Colin and I were called in to look at various collections of documents held by the Museum because it was believed that they included a large number of shipyard records. Many of these were donated in large quantities in the late 1970s and 1980s and were stored so that they could one day be catalogued and made available for research. This role of rescuing items for the future is a common feature of the work of archivists and curators.
The work of sorting and appraising these documents was certainly worthwhile because we found interesting material relating to several Sunderland shipyards including Bartram & Sons Ltd and William Doxford & Sons Ltd. However, the most exciting finds relate to a Tyneside business, R. & W. Hawthorn Leslie & Co Ltd, an internationally renowned builder of ships, locomotives and marine engines. The company was created in 1886 by the amalgamation of two firms – the Newcastle upon Tyne engineers R. & W. Hawthorn (who had works at Forth Banks and St Peter’s) and the shipbuilding company A. Leslie & Co, based at Hebburn.
As we were sorting through various documents stored on a pallet we came across two old registers. The excitement built as we read the works ‘apprenticeship register’ on the spines and grew when we looked inside and discovered that they once belonged to an illustrious local firm.
The registers date from 1877 to 1978 and contain details of the men and women who served apprenticeships at Hawthorn Leslie’s marine engineering works at St Peter’s in Newcastle upon Tyne.
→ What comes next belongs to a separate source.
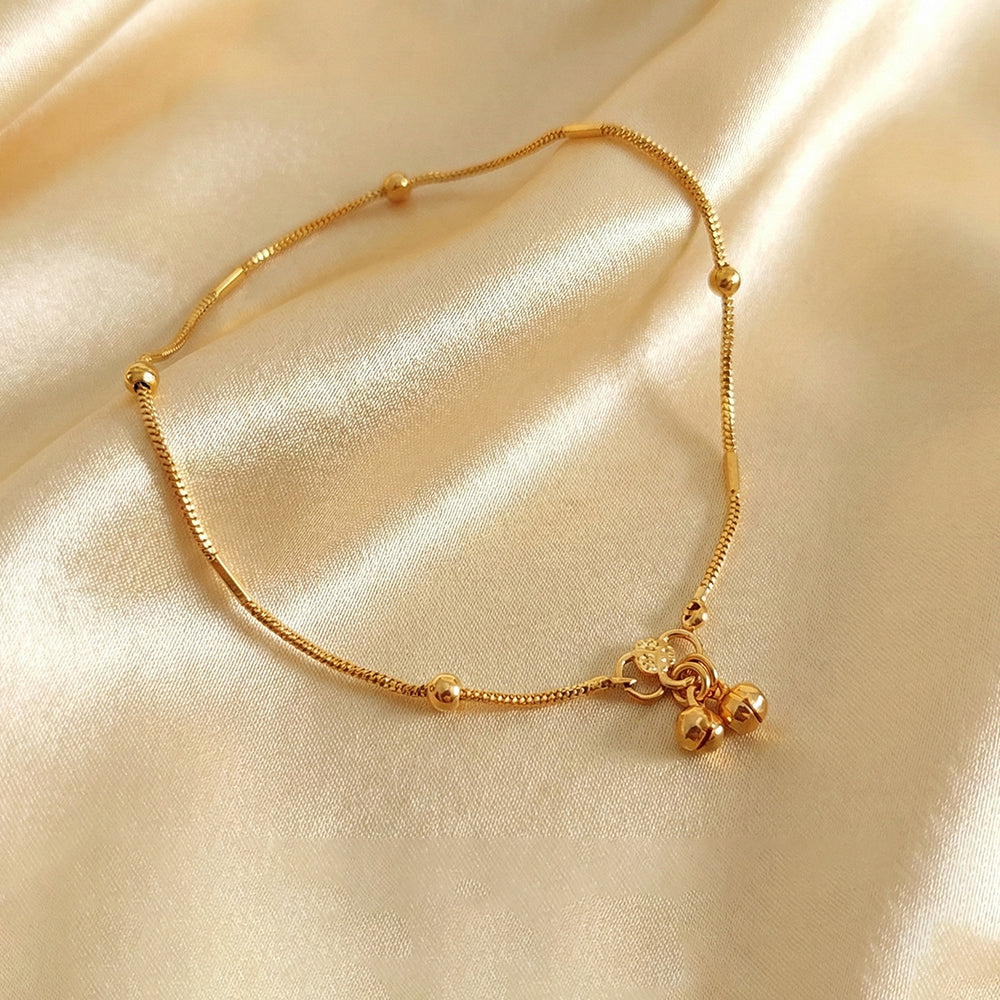 Classic Gold-Tone Beaded Anklet for Girls Traditional Foot Jewelry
The earliest entries up to 1886 relate to the firm R. & W. Hawthorn before it merged with A. Leslie & Co. The information given includes:
- Name of apprentice
- Parent’s name (usually the father)
- Trade
- Length of apprenticeship.
- Date of indenture
- Rates of pay
- Date agreement expires
- Home address
I’m sure that this discovery will be of real interest to family historians and is a particularly exciting find because personnel records have often not survived well within the business records for Tyne & Wear.
The Archives already holds a large, well used collection of Hawthorn Leslie records and the apprentice registers are an exciting addition to it. The registers can be viewed in the Archives searchroom, although access restrictions may apply to entries from 1926 onwards. Details of our location and opening times can be found on our webpages.